Reproduce word for word every line from the one containing "A massive typhoon" to the final line of the data below; omit the pictures.

──────── Stored data ────────

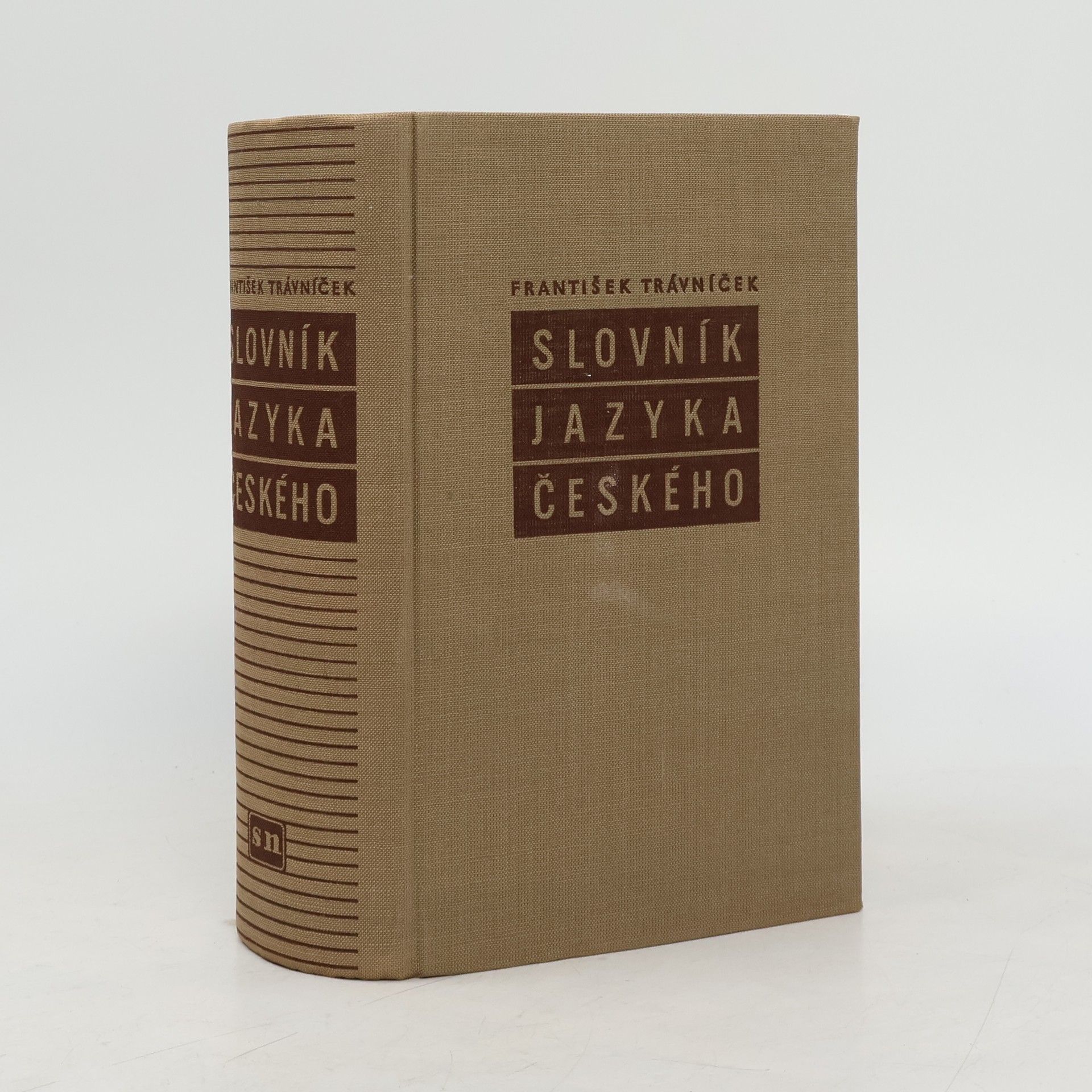 František Trávníček Slovník jazyka českého
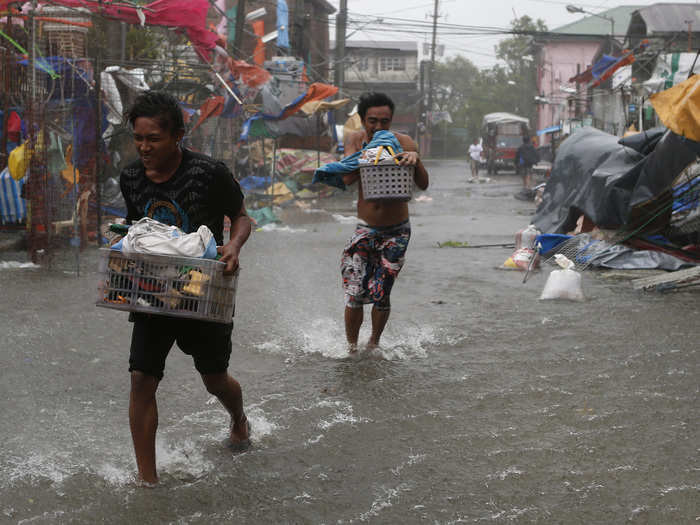 A massive typhoon shut down life in the Philippines in the middle of July.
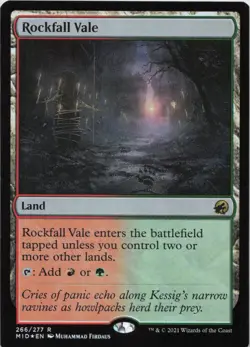 Rockfall Vale - FOIL - R Innistrad: Midnight Hunt 266 - MTG - Image 1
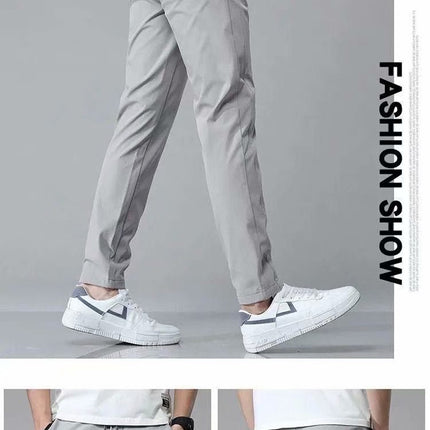 Drawstring Trousers Thin Casual Pants Korean Version Loose Straight Sweatpants Mens Clothing - 𝓢𝓱𝓸𝓹𝓵𝓮𝓬𝔂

────────

### Response to the exercise
 A massive typhoon shut down life in the Philippines in the middle of July.
 Rockfall Vale - FOIL - R Innistrad: Midnight Hunt 266 - MTG - Image 1
 Drawstring Trousers Thin Casual Pants Korean Version Loose Straight Sweatpants Mens Clothing - 𝓢𝓱𝓸𝓹𝓵𝓮𝓬𝔂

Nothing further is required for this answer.